At the moment I'm not running Squid for this site but if experimentation time permits I'll have it running again soon. One thing I feel uneasy about is how to "manually" purge cached pages that needs to be updated. For example, if you read this page (and it's cached for one hour) and post a comment, then I'd like to re-cache this page with a purge. Setting a HTTP header could be something but that I would only be able to do on the page where you have this in the URL:


?msg=Comment+added

which, because of the presence of a querystring, is not necessarily cached anyway. The effect is that as soon as the "?msg=Comment+added" is removed from the URL, the viewer will see the page as it was before she posted her comment. squidclient might be the solution. ...sort of.

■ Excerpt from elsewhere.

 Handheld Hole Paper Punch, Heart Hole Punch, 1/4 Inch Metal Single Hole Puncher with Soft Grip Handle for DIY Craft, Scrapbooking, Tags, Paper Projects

squidclient is an executable program that you get when you install the squid cache server. As described in this documentation you can manually purge any cache on a site which would have the desired effect to the problem mentioned above. The only problem is that I have about 30-60 posted comments per day and that would be a hell of a lot of command line calls to squid. Secondly, they'd probably be quite slow and the person posting a comment won't be prepared to wait that long. The code for this would be something like this:


cmd = 'squidclient -m PURGE %s' % self.absolute_url()
result = os.popen4(cmd).read()
return result.find('200 OK') > -1

(obviously this would need to be wrapped in some security assertions)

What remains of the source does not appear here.